What happens if there's a mishmash of the two within the blog?

Blogs published by lawyers may offer political speech, but all too often they are intertwined with commercial speech -- especially if the blog is attached to the firm web site.  Whether or not the speech will be given free speech protection isn't as easy of a question to answer.

If one of the motivations for the blog is marketing the lawyer or law firm but it's not the only reason for the blog's publication, then what?

In Bolger v.Youngs Drug Products Corp., 463 U.S. 60 (1983),  the problem of mixed commercial and political speech in advertising was addressed.  Lawyers cannot use political free speech posts to protect themselves from regulation:
Advertisers should not be permitted to immunize false or misleading product information from government regulation simply by including references to public issues.
Bolger, 463 U.S. at 68.
If the blog combines commercial speech with political speech, then it will not automatically achieve the constitutional protections that a blog devoted solely to political speech will have.  Nevertheless, that combination of commercial speech with political speech may still rise to that level of constitutional protection if certain characteristics exist.  See, Bigelow v. Virginia, 421 U.S. 809, 818 (1975); Board of Trustees of the State University of New York v. Fox, 492 U.S. 469, 474 (1989).

According to other precedent, we have a test:
....For commercial speech to come within that provision, it at least must concern lawful activity and not be misleading. Next, we ask whether the asserted governmental interest is substantial. If both inquiries yield positive answers, we must determine whether the regulation directly advances the governmental interest asserted, and whether it is not more extensive than is necessary to serve that interest. Central Hudson Gas & Elec. Corp. v. Public Serv. Comm'n, 447 U.S. 557, 566 (1980); Adams Outdoor Advertising v. City of Newport News, 236 Va. 370, 383, 373 S.E.2d 917, 923 (1988).
Whether or not the reader may be misled means looking at the unsophisticated reader (Bates) and the assumption is going to fall in favor of the potential that someone out there reading the blog posts may be misled -- think Jethro Bodine as your potential reader when you're evaluating your publications.
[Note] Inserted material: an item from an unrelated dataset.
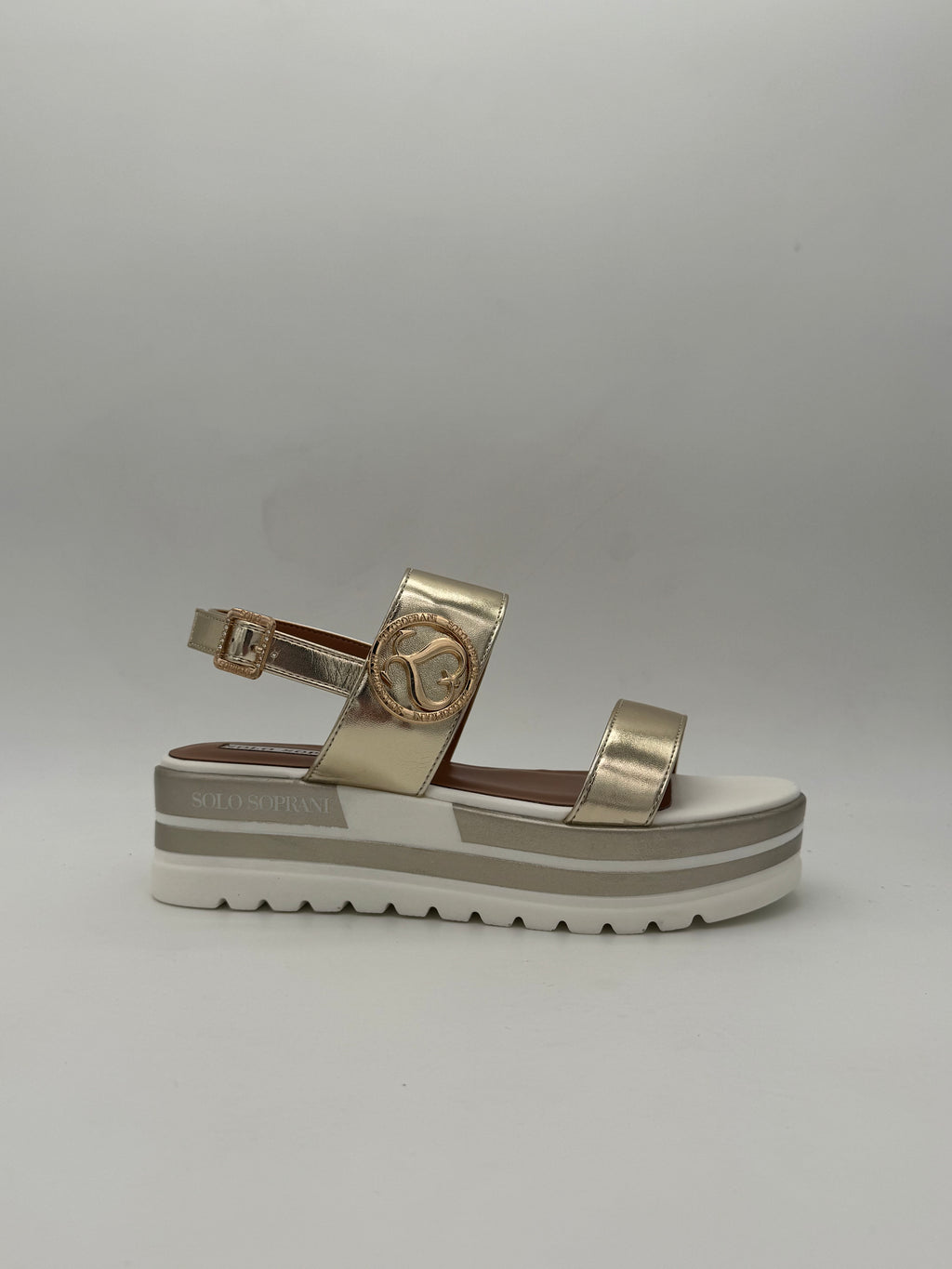 SOLO SOPRANI - Sandali Platform ORO - Donna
The Bar Is Focused on Lawyers Misleading their Readers

The reason for bar regulation of lawyer advertising is to protect the public from being manipulated by lawyers marketing themselves in various formats: newspapers, television commercials, internet marketing, etc.  It's true that there's a profit motive in lots of web sites that enjoy protected free speech: the local newspaper's web site, for example, is published by a company operating for a profit and yet its site content is under the First Amendment free speech umbrella.

State bars, however, are going to come down on the side of regulation of the site or blog.  Consider your blog content and the design carefully.

Ask yourself this:

Would Jethro Bodine think you're selling yourself to him, even if your posts are careful not to market your practice or your firm directly?  Does having your blog attached to your law firm web site suggest that the blog is a commercial tool to get him to call the firm for a free initial consultation?  Does the design itself suggest commercial intent with things like 1-800 numbers in huge fontfaces in headings, footers, or margins?

If so, then you need to make sure that your blog (blawg) conforms to your state's advertising requirements (disclaimers, etc.) even if the majority of your content is political in nature.